Abstract

In recent years, the integrated modular avionics (IMA) concept has been introduced to replace the traditional federated avionics. Different avionics functions are hosted in a shared IMA platform, and IMA adopts partition technologies to provide a logical isolation among different functions. The IMA architecture can provide more sophisticated and powerful avionics functionality; meanwhile, the failure propagation patterns in IMA are more complex. The feature of resource sharing introduces some unintended interconnections among different functions, which makes the failure propagation modes more complex. Therefore, this paper proposes an architecture analysis and design language- (AADL-) based method to establish the reliability model of IMA platform. The single software and hardware error behavior in IMA system is modeled. The corresponding AADL error model of failure propagation among components, between software and hardware, is given. Finally, the display function of IMA platform is taken as an example to illustrate the effectiveness of the proposed method.

1. Introduction

As an important development direction of future large aircraft avionics system, IMA completes the real-time processing and information exchange task in navigation, communication, monitoring, and flight management through the integrated technology of avionics system [1], to ensure the flight safety effectively.
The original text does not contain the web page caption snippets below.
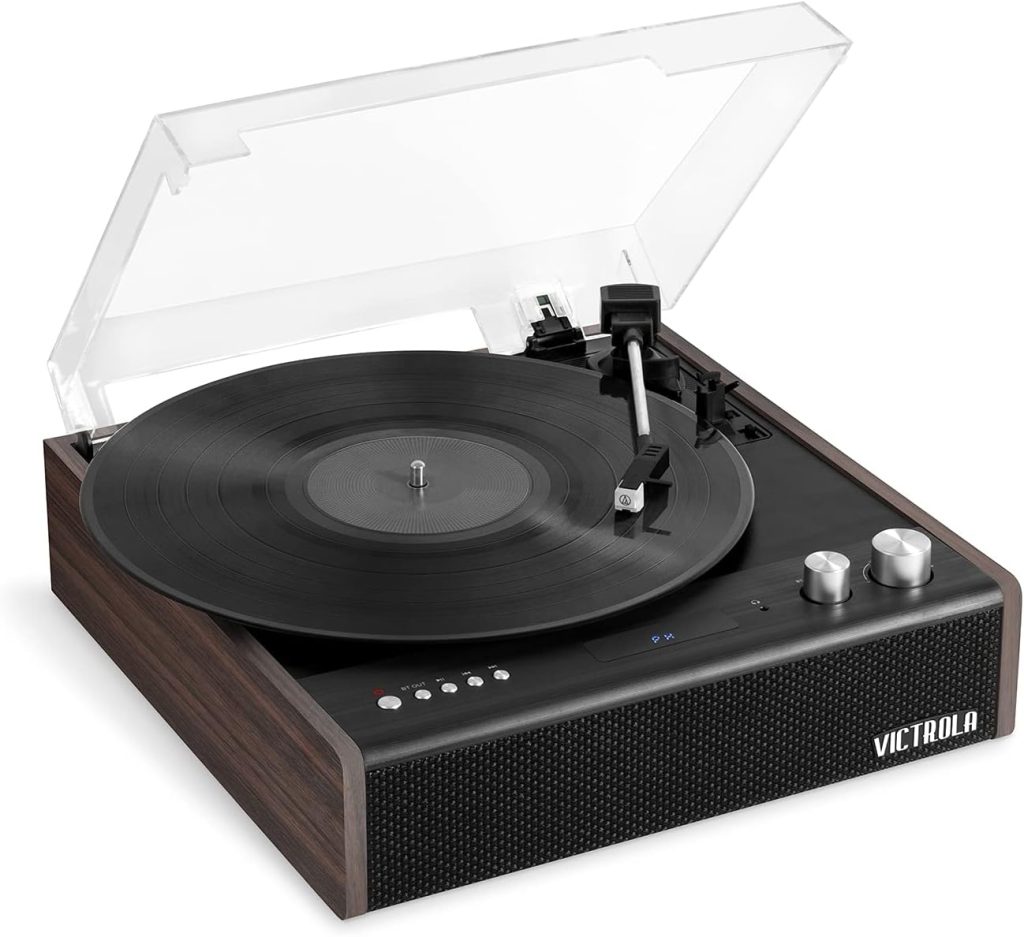 Victrola Eastwood 3-Speed Bluetooth Turntable with Built-in Speakers and Dust Cover | Upgraded Turntable Audio Sound | Espresso (VTA-72-ESP)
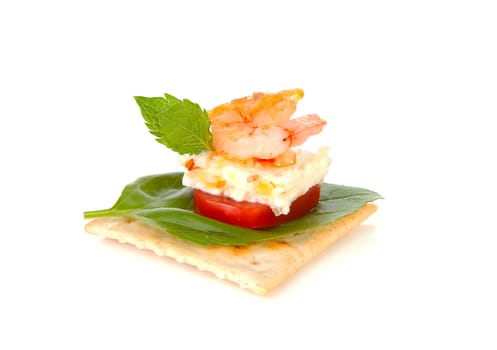 delicious snack on toast over white background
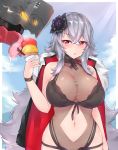  azur_lane bikini black_bikini blush breasts dated flower food graf_zeppelin_(azur_lane) grey_hair hair_flower hair_ornament hips ice_cream kuavera large_breasts light_smile long_hair looking_at_viewer navel navel_cutout parted_lips red_eyes signature swimsuit thighs tongue twitter_username very_long_hair 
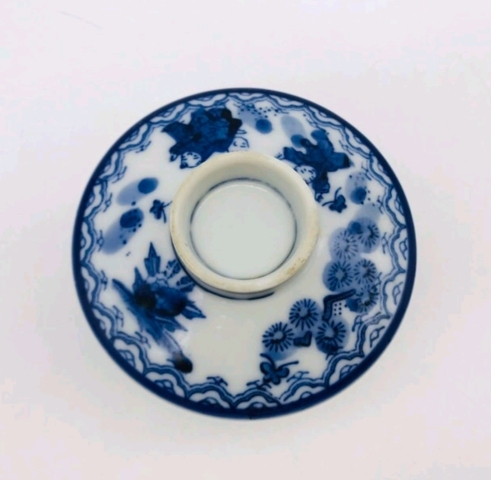 古玩陶瓷六十至八十年代嬰戲紋青花蓋碗拍賣，當前價格198元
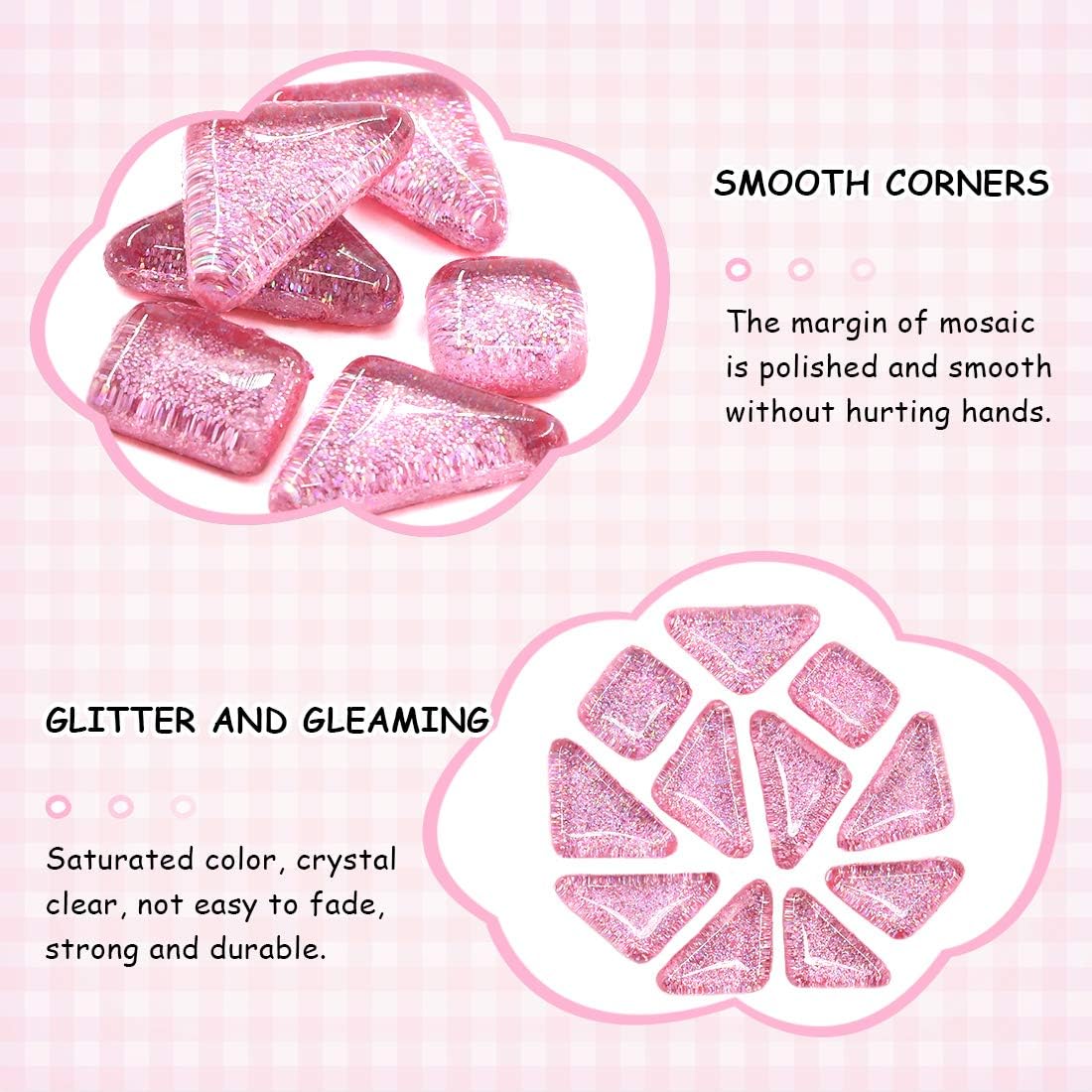 1 Pound Pink Shine Crystal Series Mosaic Tiles Assortment Kit, Square and Triangle Genuine Mosaic Tiles Glitter Crystal Mosaic Perfect for Home Decoration Crafts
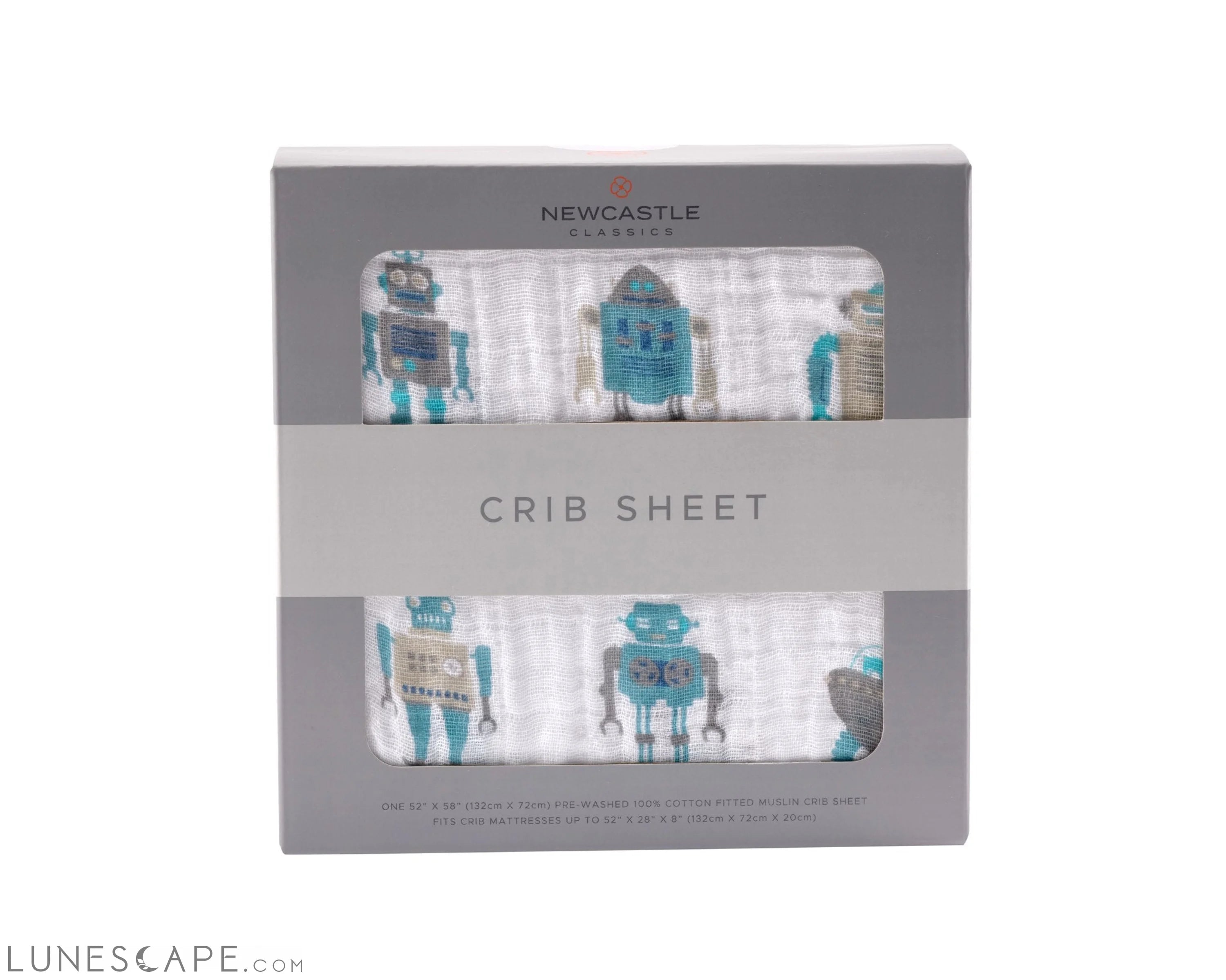 Robot Cotton Muslin Crib Sheet LUNESCAPE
IMA is a safety critical system of civil aircraft. It uses resource sharing, data fusion, and restoration reconfiguration technology, which makes IMA highly complex and brings great challenges to IMA safety and reliability assessment. In addition, the failure propagation mechanism of IMA is so complex that the traditional reliability analysis method is not applicable to solve the problems of IMA architecture reliability assessment. Therefore, it is of great significance to study the reliability assessment method and to complete the work of IMA architecture reliability assessment.

To solve these problems, this paper introduces the reliability analysis technology based on AADL error model [2]. The AADL error model is bound to the IMA platform architecture on the basis of the error behavior and error propagation modeling of IMA platform to complete the reliability modeling. We take the display function as an example to make a comparison and analysis on different IMA architectures of its availability to draw conclusions on quantitative analysis.
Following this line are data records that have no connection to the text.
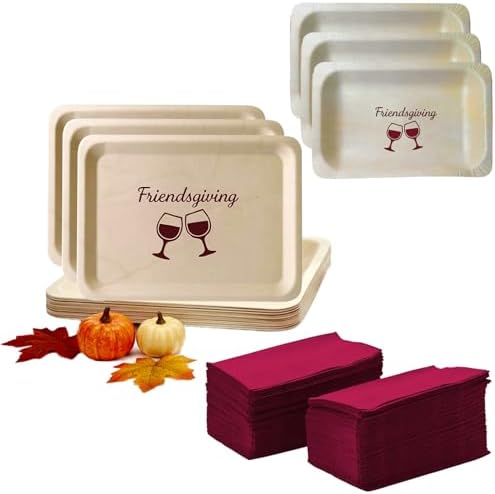 Perfect Stix Friendsgiving Plates and Napkins Set – 25 Large 10-Inch & 25 Small 7-Inch Eco-Friendly Wooden Plates with 50 Burgundy 2-Ply Dinner Napkins –Thanksgiving & Friendsgiving Gatherings by PerfectStixLLC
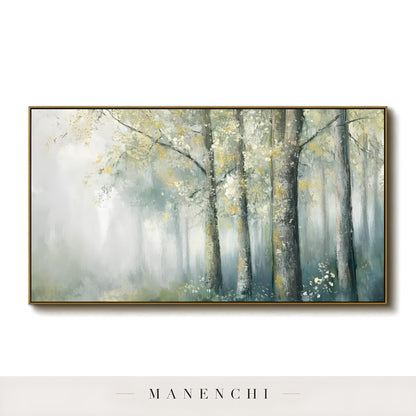 Gilded Woodland Mist - original hand-painted abstract painting by Manenchi
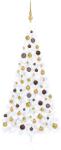 vidaXL Jumatate cu LED&globuri 240 cm alb (3077486)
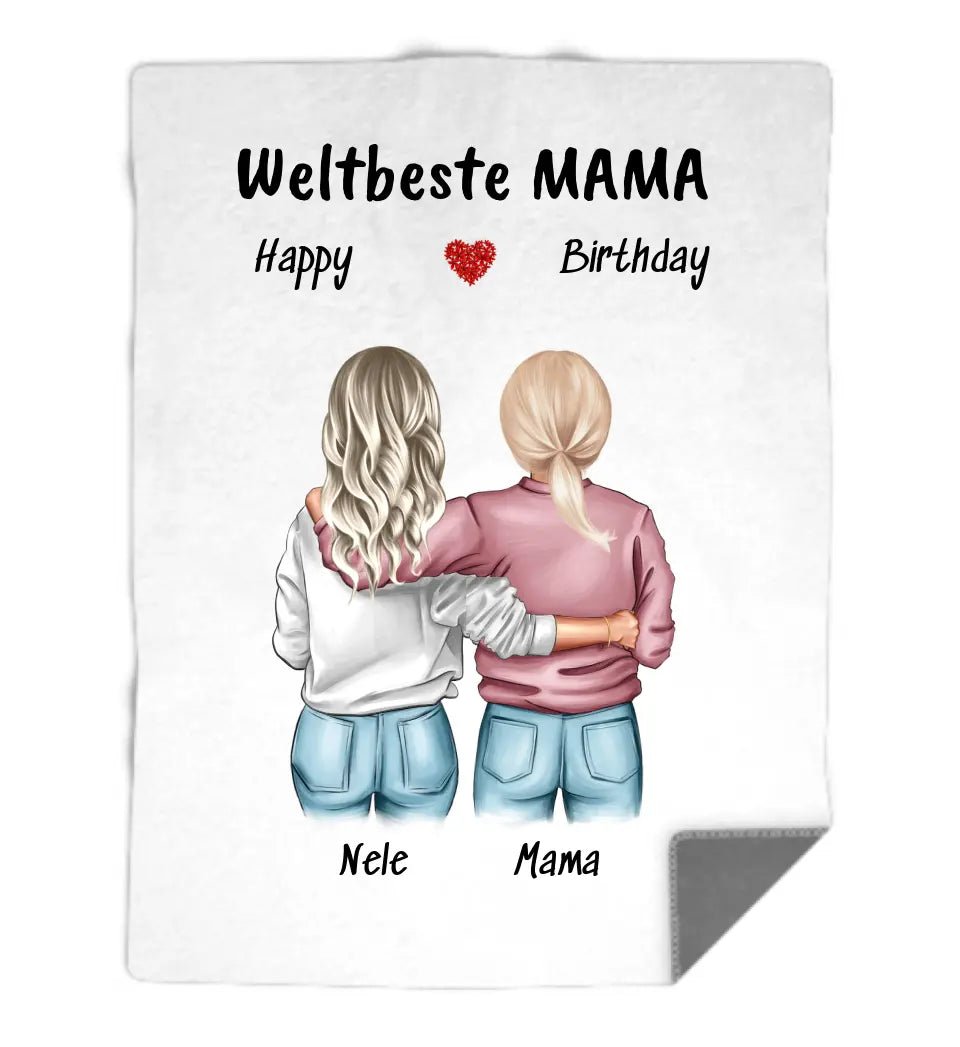 Kuscheldecke Geschenk Mutter Tochter Bild personalisiert - Cantty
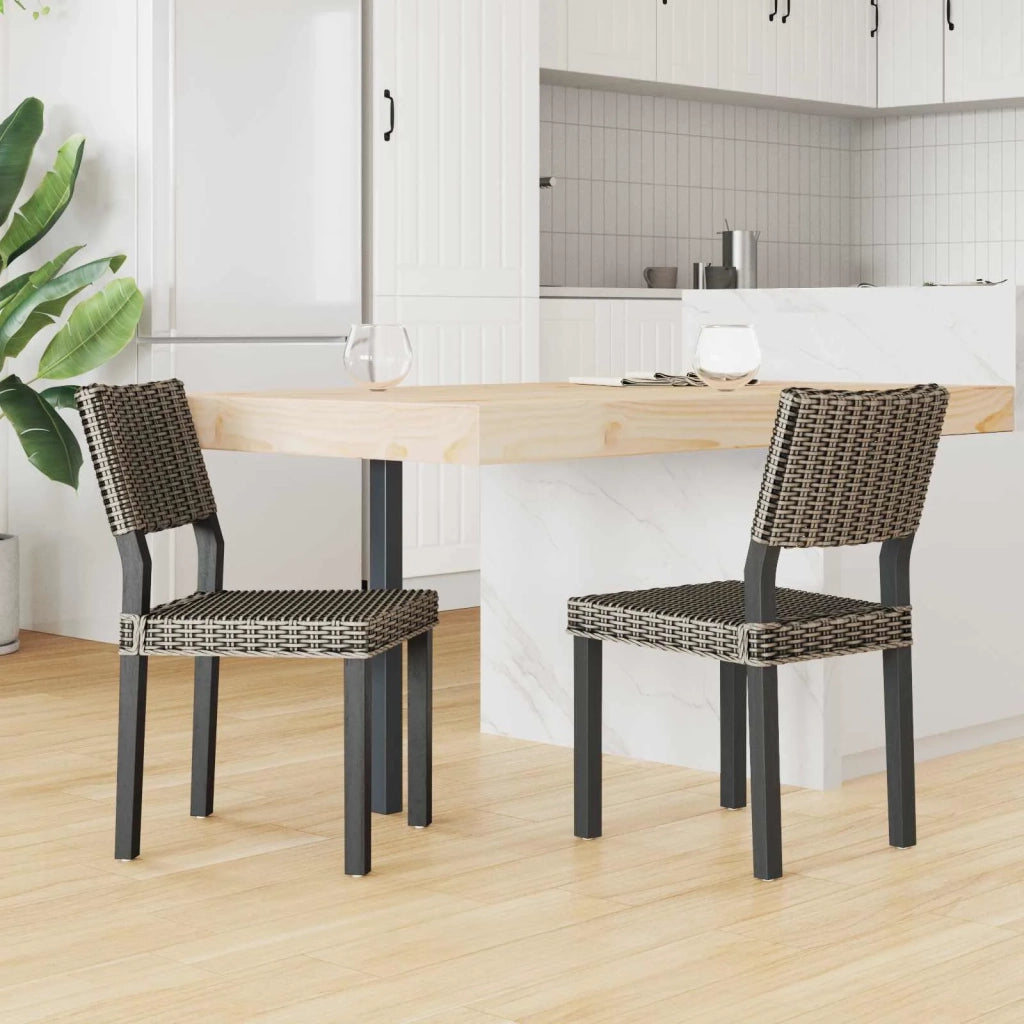 Sedia da pranzo 2 pcs Nero Lavato 46 x 55 x 84 cm Rattan Kubu 42012425
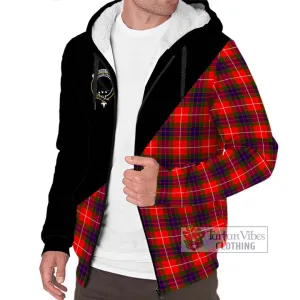 Abernethy Tartan Sherpa Hoodie with Family Crest and Military Logo Style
2. AADL Error Model Overview

AADL uses the architecture design and analysis language, which supports the text or graphical modeling in three levels of hardware, software, and system [3]. It is used to complete the description and analysis of software and hardware in the real-time system and has been widely used in the flight control system and avionics system. In order to further extend the description ability of AADL language, SAE issued the AS5506/1 in November 2006, which includes the error model and the behavior model annex, so that the AADL has its unique syntax and semantics. For the error behavior of IMA platform, error model annex is analyzed in detail.
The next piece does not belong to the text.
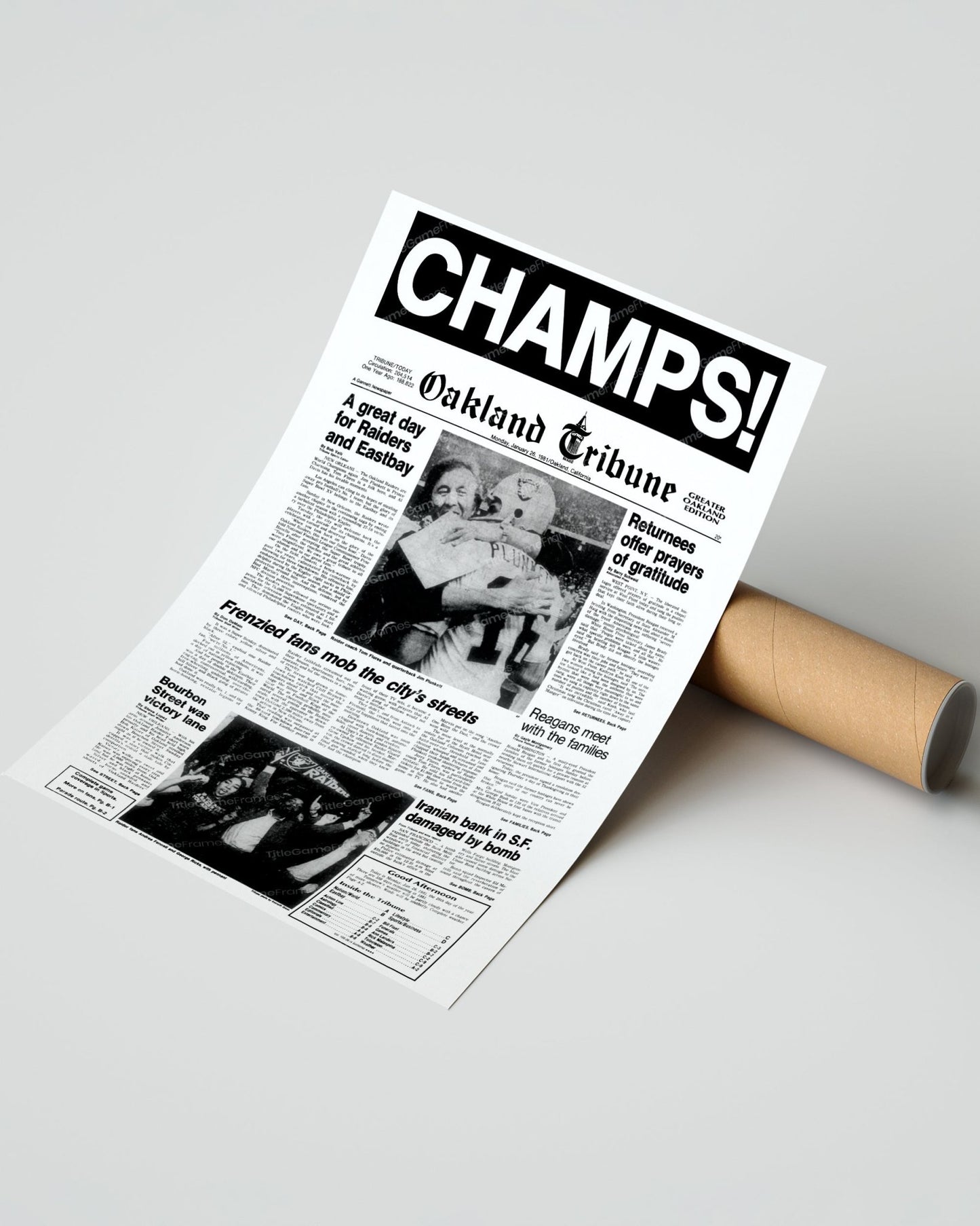 1981 Oakland Raiders Super Bowl XV Champions Framed Front Page Newspaper Print - Title Game Frames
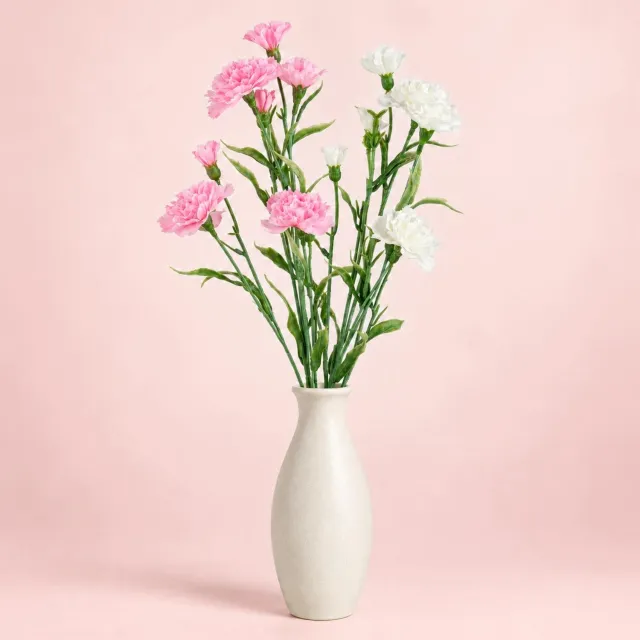 Mica Decorations Boeket Kunstbloemen - Anjers - H71 cm - roze en wit - 4x stelen - met kleine bloemetjes en bladeren Lichtroze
The error model annex [4] is a state machine that can be associated with an AADL component or connection, to describe system errors, error behavior, and error propagation [5]. Including (1)error model type: describing a set of error states, error events, and error propagation; specifying the probability of occurrence of error events and error propagation by property;(2)error model implementation: a more detailed error model is defined, including the transition between error states and the occurrence of random events, which are used for further quantitative analysis [6].

In summary, the principle of error model can be expressed under certain conditions; components will trigger the error events due to its failure, and the error events will trigger the transition between the related error states; at the same time, the running states between the components that interact with each other will influence mutually due to the existence of the error propagation.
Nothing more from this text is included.